A federal judge has ruled that immigration authorities’ detention by immigration authorities of a Chicago man whose 16-year-old daughter is being treated for advanced cancer is unlawful and a hearing must be held by Oct. 31.
Lawyers for Ruben Torres Maldonado, 40, who was detained on October 18, filed a petition for his release while his deportation case goes through the system. While U.S. district judge Jeremy Daniel said in his order Friday that Torres’ detention by U.S. Immigration and Customs Enforcement (ICE) was illegal and violated his due process rights, he also said he could not order Torres’ immediate release.
“While we sympathize with the plight of the plaintiff’s daughter due to her health issues, the court must act within the constraints of the relevant laws, rules and precedents,” the judge wrote on Friday. he wrote.
Torres’ lawyer considered the decision a win for now.
“We are pleased that the judge ruled in our favor, ruling that ICE unlawfully detained Ruben. We will now turn the fight to immigration court to ensure Ruben is released on bail while he applies for permanent resident status,” his attorney, Kalman Resnick, said in a statement Friday night.
Torres, a painter and home remodeler, was taken into custody at a suburban Home Depot store. Her daughter, Ofelia Torres, was diagnosed with a rare and aggressive soft tissue cancer called metastatic alveolar rhabdomyosarcoma in December and is undergoing chemotherapy and radiation treatments.

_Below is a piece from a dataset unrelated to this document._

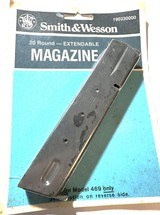 S&W  Model 469 RARE Factory 20 Round Extendable Mag - 1 of 3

According to his lawyers, Torres entered the United States in 2003. He and his partner, Sandibell Hidalgo, also have a four-year-old son. The children are both U.S. citizens, according to court records.
“My father, like many other fathers, is a hard-working person who wakes up early in the morning and goes to work without complaining, thinking about his family,” Ofelia said in a video posted on the GoFundMe page for her family. “I find it very unfair that hard-working immigrant families are targeted just because they were not born here.”

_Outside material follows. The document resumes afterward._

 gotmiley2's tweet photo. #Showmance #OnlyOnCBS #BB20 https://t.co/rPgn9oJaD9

The Department of Homeland Security (DHS) alleges that Torres has been living in the United States illegally for years and has a history of driving offenses, including driving without a valid license, driving without insurance, and speeding.
“This is nothing more than a desperate Hail Mary attempt to keep a criminal illegal alien in our country,” Deputy Homeland Security Secretary Tricia McLaughlin said in a statement. “The Trump administration is fighting for the rule of law and the American people.”

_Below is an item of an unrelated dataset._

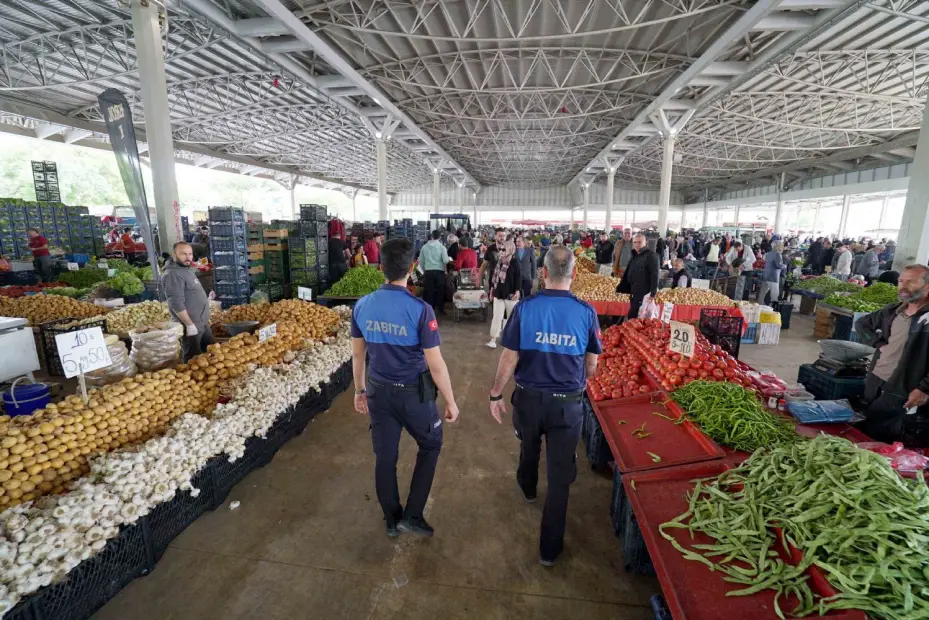 Meram Zabıtasından Pazar ve Marketlere Sıkı Takip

At the hearing on Thursday, where Ofelia attended in a wheelchair, the family’s lawyers told the judge that Ofelia’s father was released from the hospital to see family and friends just a day before his arrest. But they said he had been unable to continue treatment “due to stress and disruption” since his arrest.
Federal prosecutor Craig Oswald told the court that the government did not want Torres released because he did not cooperate during his arrest.
Several elected officials held a news conference Wednesday to protest Torres’ arrest. The Chicago area is at the center of a massive immigration crackdown called Operation Midway Blitz, which began in early September.